Same user always gets the same variant (sticky assignment).
"""
if weights:
# Weighted random assignment (not deterministic, for gradual rollout)
return random.choices(variants, weights=weights)[0]
# Deterministic: hash user_id to choose variant
hash_int = int(hashlib.md5(user_id.encode()).hexdigest(), 16)
return variants[hash_int % len(variants)]
class PromptABTest:
def __init__(self, variant_a: str, variant_b: str):
self.variants = {"A": variant_a, "B": variant_b}
self.results: dict[str, list[float]] = {"A": [], "B": []}
def run(self, user_id: str, context: str, question: str, judge_fn: Callable) -> dict:
variant_key = ab_router(user_id, ["A", "B"])
prompt = self.variants[variant_key].format(context=context, question=question)

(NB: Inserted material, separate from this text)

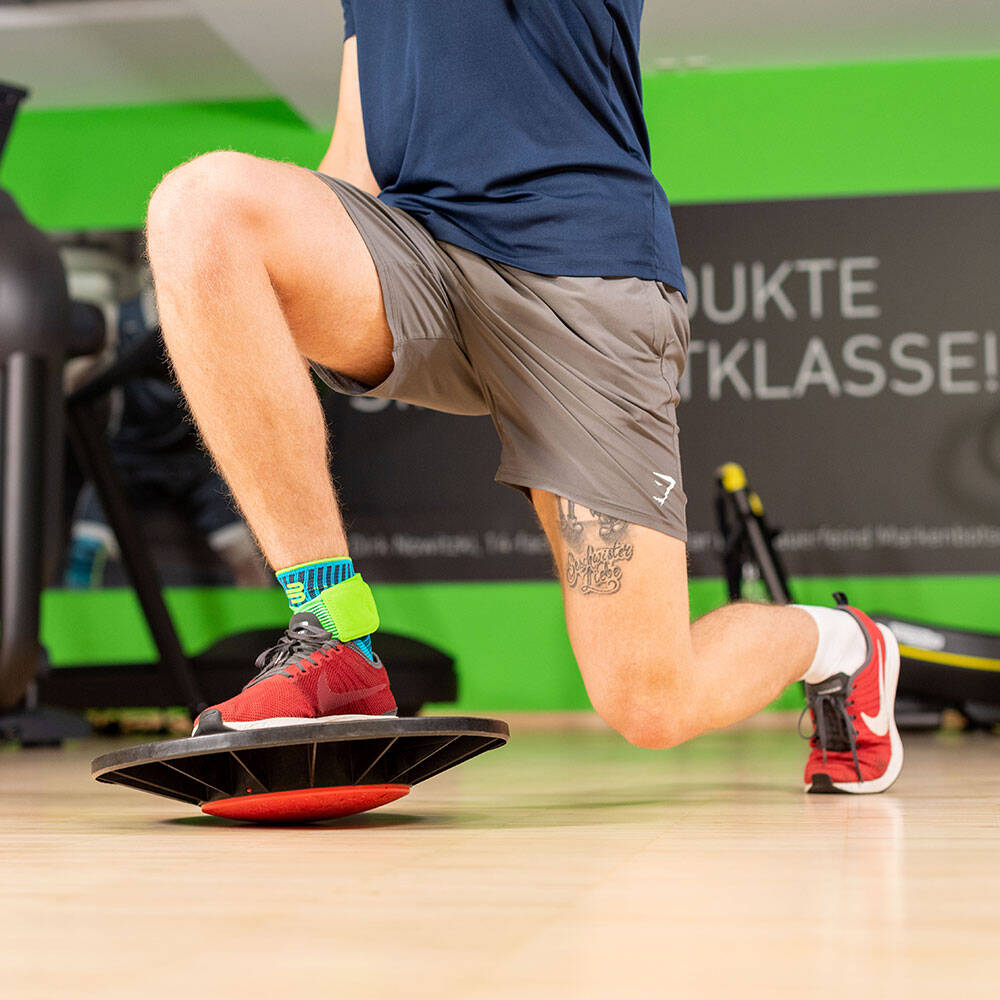 De man in een sportschool maakt een long met het voorpoot dat op een balanskussen staat en een enkelverband draagt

# Generate answer (mock here)
answer = f"[Variant {variant_key}] Answer about: {question[:40]}..."
# Score the answer
score = judge_fn(question=question, reference="ground truth placeholder", answer=answer)

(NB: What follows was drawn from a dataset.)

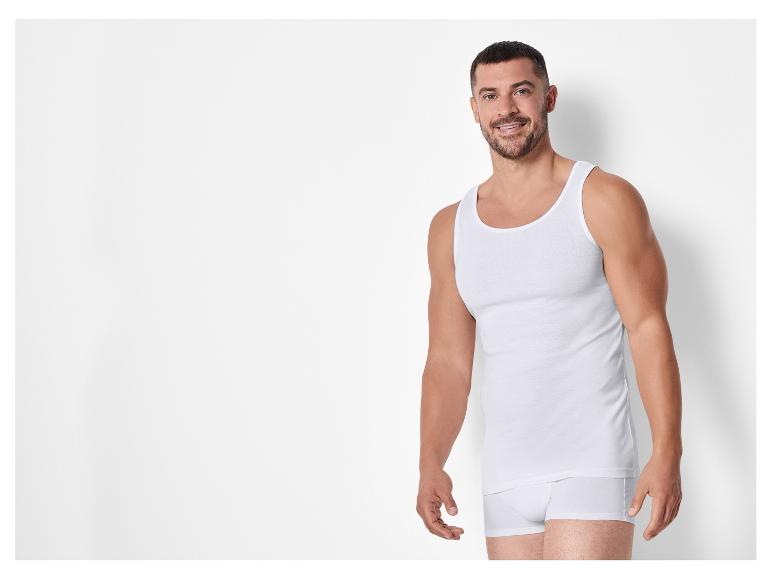 Man draagt een witte onderhemd en witte onderbroek.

self.results[variant_key].append(score["score"])
return {"variant": variant_key, "answer": answer, "score": score["score"]}
def report(self) -> dict:
report = {}
for key, scores in self.results.items():
if scores:
report[key] = {
"n": len(scores),
"mean_score": round(sum(scores) / len(scores), 2),
"min": min(scores),
"max": max(scores),
}
winner = max(report, key=lambda k: report[k]["mean_score"]) if report else None
return {"variants": report, "winner": winner}
# Demo
# ab = PromptABTest(PROMPT_A, PROMPT_B)
# for i in range(20):
# ab.run(f"user_{i}", context="H100 has 3.35 TB/s bandwidth.", question="H100 bandwidth?", judge_fn=judge_answer)
# print(ab.report())
Key Takeaways¶
- LLM-as-judge scales evaluation to thousands of examples quickly. Use a rubric with clear integer scores (0-5) and require JSON output for reliable parsing.
- RAGAS gives you four orthogonal RAG metrics. Faithfulness catches hallucinations; context recall diagnoses retrieval gaps.
- LangSmith tracing is zero-code with environment variables set. Always trace in staging even if not in production.
- Cost tracking should accumulate per-session and log per-call. Early visibility on costs prevents budget surprises.
- Structured call logging (JSONL) is your flight recorder — essential for debugging failures and building eval datasets.
- A/B testing with sticky user assignment ensures reproducible experiments. Always run for a statistically meaningful number of samples before declaring a winner.
Exercises¶
Exercise 1 — Multi-Criteria Judge¶
Extend the LLM-as-judge to evaluate on three separate criteria: (1) factual accuracy, (2) completeness, and (3) conciseness. Each criterion should return a score of 0–5 with a one-sentence justification. Build a MultiCriteriaJudge class that averages the three scores and returns a combined verdict. Test it on at least 5 question-answer pairs from a domain you know well.
Exercise 2 — RAGAS on Your Own Data¶
Create a small corpus of 5–10 documents on any technical topic you choose. Write 5 test questions with known ground-truth answers. Build a simple RAG system (from Lecture 09/10), run it on all 5 questions, and evaluate using RAGAS. Report all four metric scores in a table. For any metric below 0.7, identify one concrete change to the RAG system that would improve it.
Exercise 3 — Cost Dashboard¶
Build a CostDashboard class that reads from the JSONL log file produced by LLMLogger and renders a summary report. The report should include: total spend, spend by model, average cost per call, top 5 most expensive calls (with their inputs), and a call count time series grouped by hour. The report should be printable as a formatted text table.